MSG_ZEROCOPY is a feature that enables copy avoidance in TCP/UDP socket
send calls. It does so by avoiding copying user data into kernel buffers.

To make it work, three steps are needed:
1 - A setsockopt() system call, enabling SO_ZEROCOPY
2 - Passing down the MSG_ZEROCOPY flag for each send*() syscall
3 - Process the socket's error queue, dealing with any error

Zerocopy has it's costs, so it will only get improved performance if
the sending buffer is big (10KB, according to Linux docs).
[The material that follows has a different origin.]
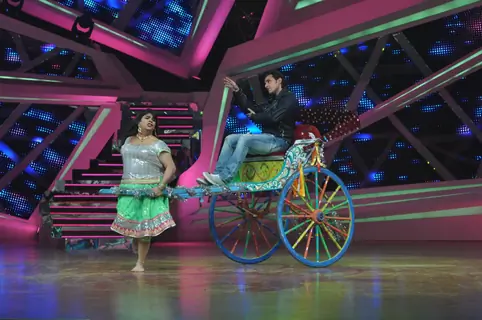 Kiku pulls Saif on a cart with ease on Nach Baliye 6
The step 2 makes it possible to use the same socket to send data
using both zerocopy and the default copying approach, so the application
cat choose what is best for each packet.

To implement step 1, an optional set_zerocopy() interface was created
in QIOChannel, allowing each using code to enable or disable it.

Step 2 will be enabled by the using code at each qio_channel_write*()
that would benefit of zerocopy;

Step 3 is done with qio_channel_socket_errq_proc(), that runs after
SOCKET_ERRQ_THRESH (16k) iovs sent, dealing with any error found.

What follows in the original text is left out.